The Inductively Coupled Plasma Optical Emission Spectrometer instrument is used to measure concentrations of elements at the 0.1 to >100 mg/ml or ppm range. Currently we measure concentrations in solution. In the future we may attach a 266 nm, UV Nd-YAG laser ablation system to analyse the chemistry of solid samples. The instrument is a Teledyne Leeman Labs Prodigy high dispersion ICP-OES with autosampler that has the capability of analyzing halogens.
Room 5657, Oceanography Wing, LSC. Part of the Dalhousie Geochronology Centre.
ICP-OES vs ICP-MS
ICP-OES is different from ICP-MS. An ICP-MS can measure the abundance of isotopes of elements at the parts per trillion level. An ICP-OES cannot (expect in special circumstances) distinguish isotopes of a given element, and is limited to abundances greater than about 0.1 parts per million. However, an ICP-OES can measure concentrations above 10 ppm, whereas the ICP-MS would require dilutions below those concentrations.
The precision of the measurement of an element in the solution depends on many things, but mostly:
- how well its concentration is bracketed by the standards used to calibrate the measurement;
- the presence of other elements that interfere with wavelengths that were used to measure an element;
- other matrix effects (generally, the concentrations of all elements in the solution).
We generally can routinely obtain 5% precision at 1-sigma confidence on most elements in most solutions. Better precision is definitely possible but require additional standards and methods (standard addition, internal standard, initial semi-quantitative analyses to determine the matrix, etc). By June 2013, we have not yet analyzed enough halogens to establish the routine precision that we can obtain, but we will eventually.
Accuracy of the measurements depends on both the precision of the measurements and reliability of the standards. We use different methods of QA and QC to ensure the ICP is well maintained and our standards are diluted as reliably as possible. Standards (prepared gravimetrically) from over two or three orders of magnitude concentrations (e.g. 0.1 to 50 mg/ml) typically have linear regressions of 0.99999.
Please contact John Gosse before submitting solutions for measurement. Samples should be prepared as solutions in 2% nitric acid with minimal matrix. We will do our best to mix a set of standards that match your matrix as closely as possible. A minimum of 7 ml is required per sample for low (5%) precision, and more sample solution is required for higher precision measurements. We also have the capacity to run samples prepared in dilute HF.

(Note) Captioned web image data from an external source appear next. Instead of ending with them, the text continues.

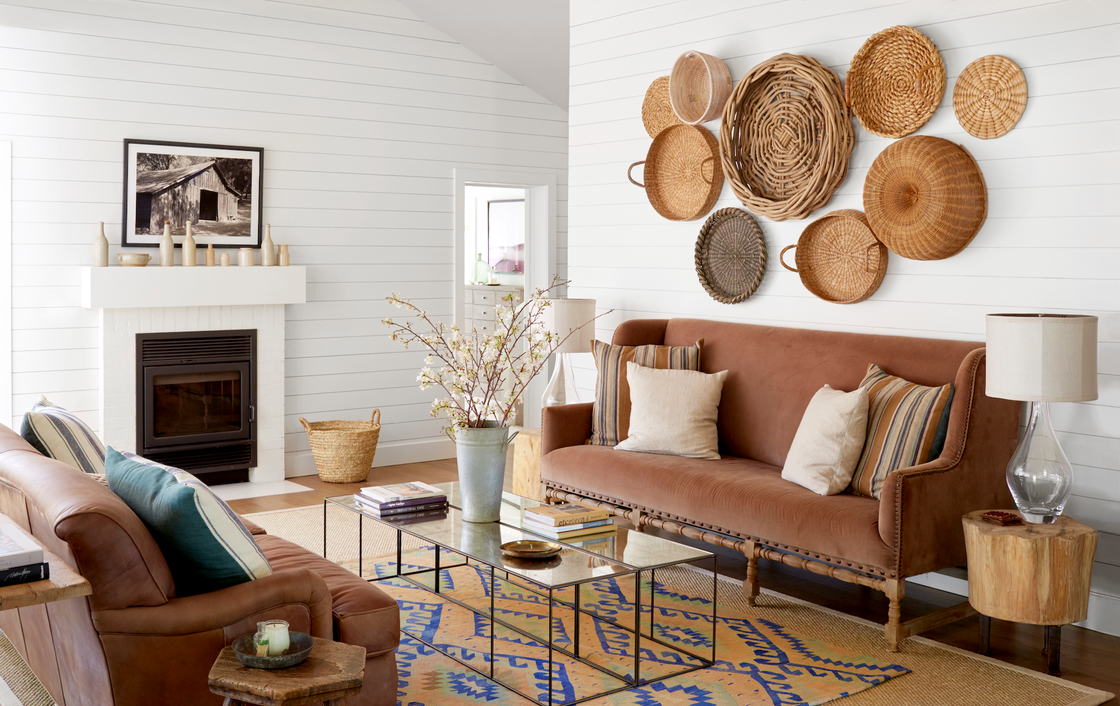 farmhouse living room with baskets on the wall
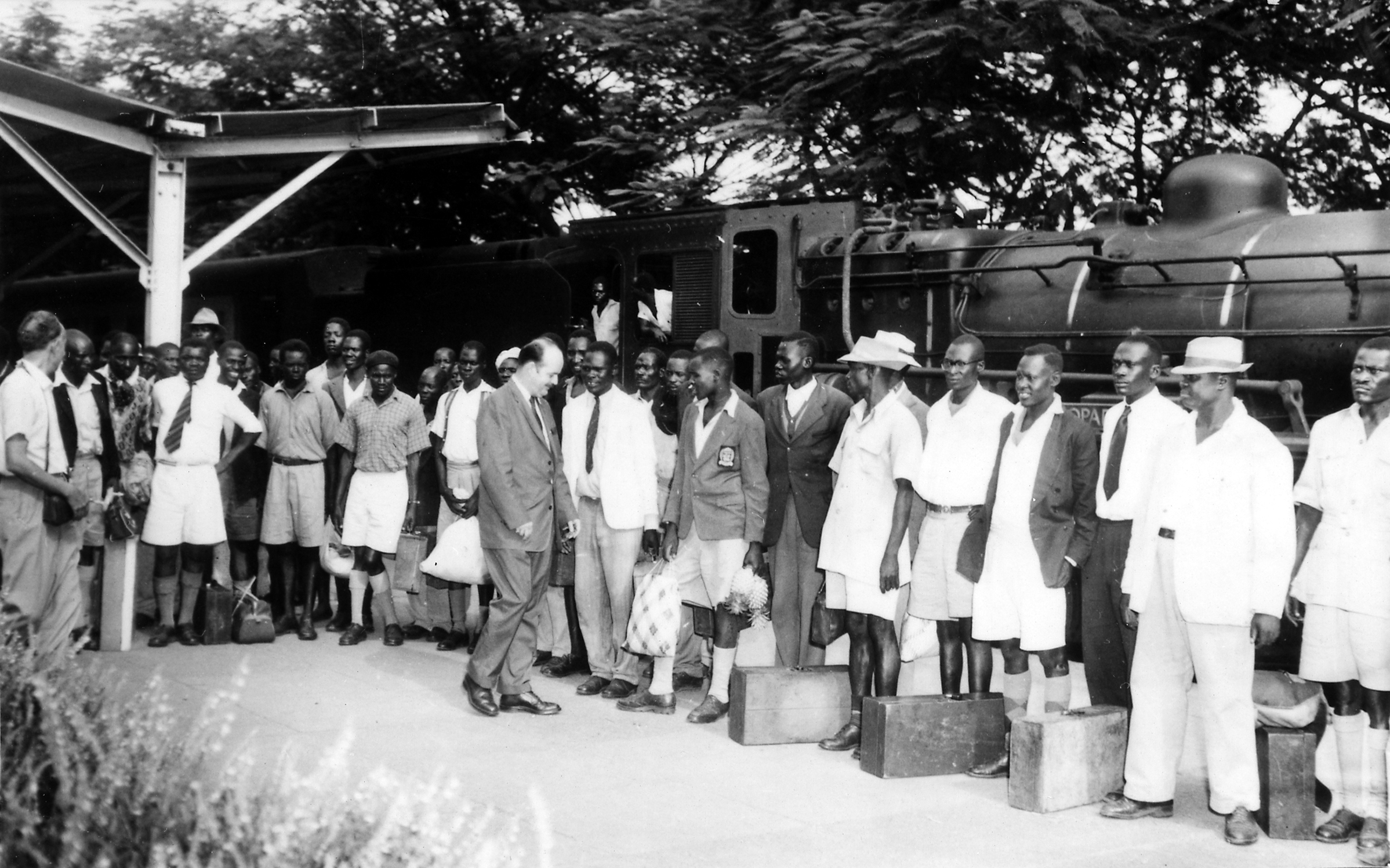 William Sears, Baha'i Hand of the Cause, greets people attending the Kampala conference in 1958. (Baha’i World Centre photograph)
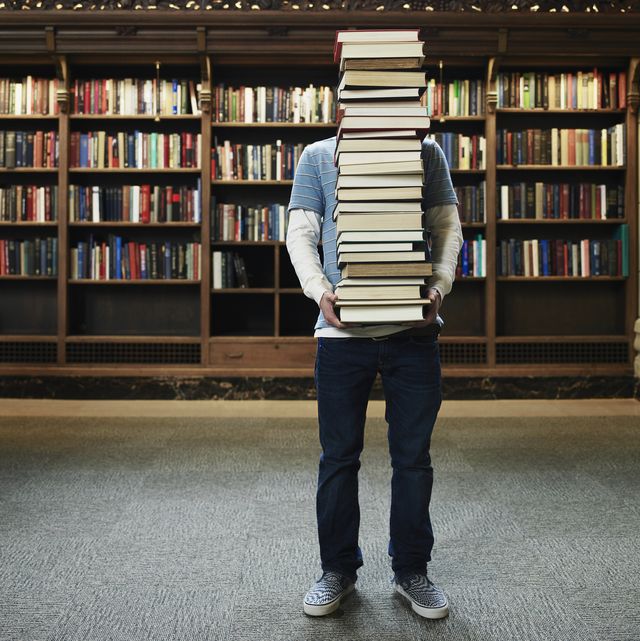 young man carrying stack of books in university library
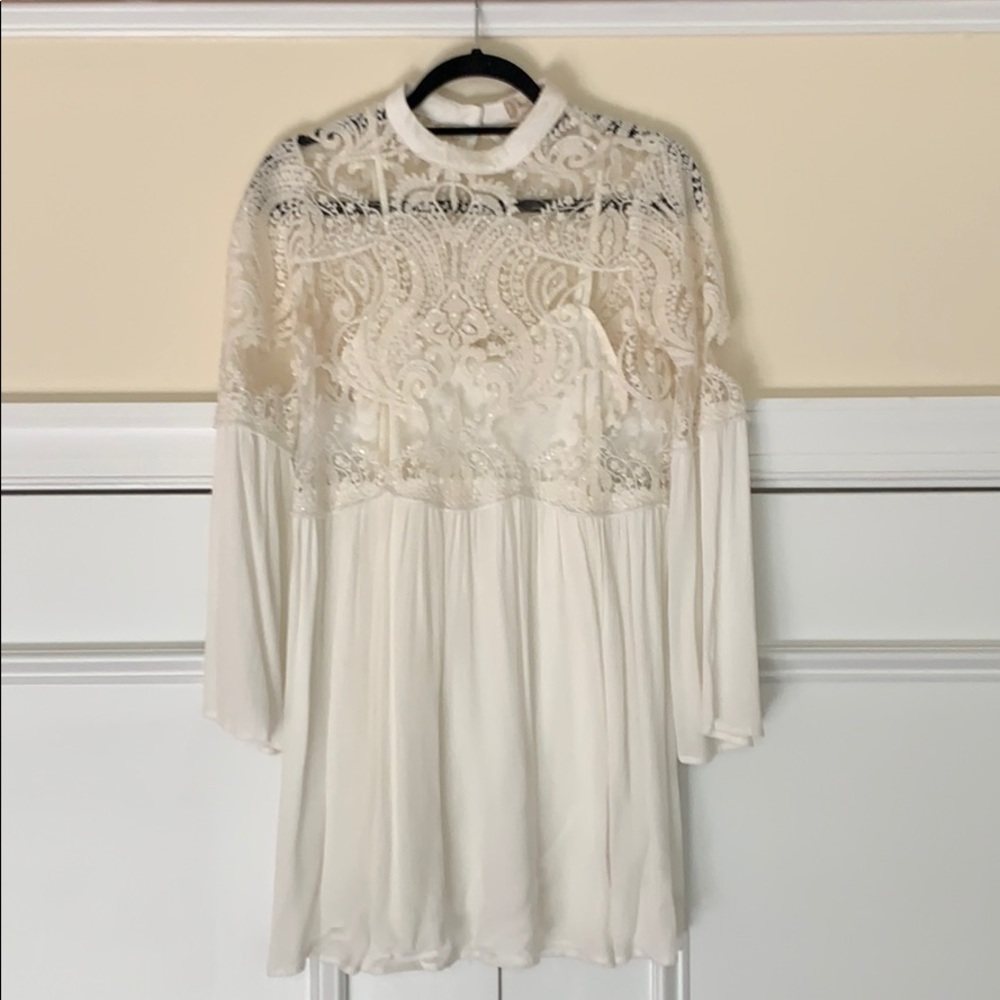 Snow-white sequin baby-doll dress.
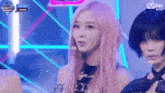 a girl with pink hair is standing on a stage with a microphone .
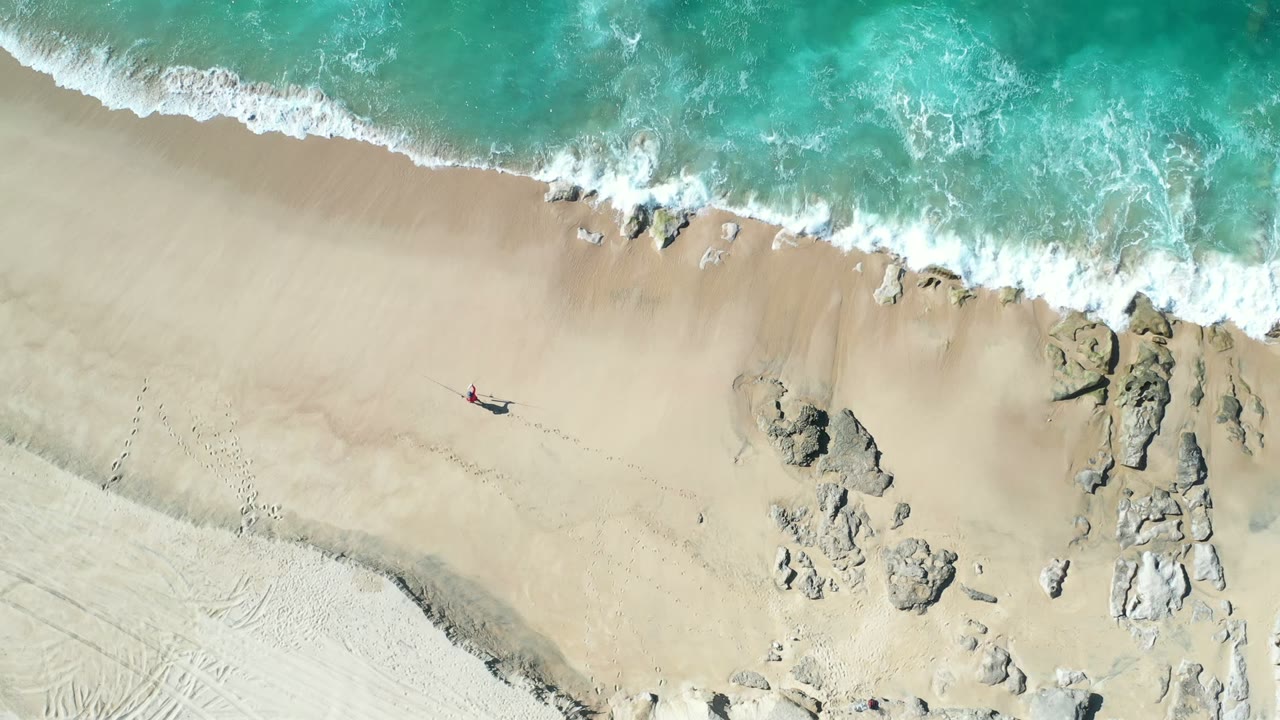 Overhead beach view with surf, rocks, and a small person walking on sand.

The cost of ICP-OES measurements depends on a number of factors. The Prodigy uses (Liquid) Argon for coolant, the nebulizer, and camera and Nitrogen gas for the optics purge, which are the principal consumables. Higher precision, complexity of the matrix, and elemental interferences will all increase labour and consumables (e.g. standards). The lab is a non-profit lab, so costs generally reflect the cost of labour, operation, consumables, and maintenance. Please contact John Gosse for questions regarding costs for your samples.
While the ICP-OES is used mostly for Dalhousie Geochronology Centre sample analysis, we are interested in supporting the broader academic and research community in Nova Scotia.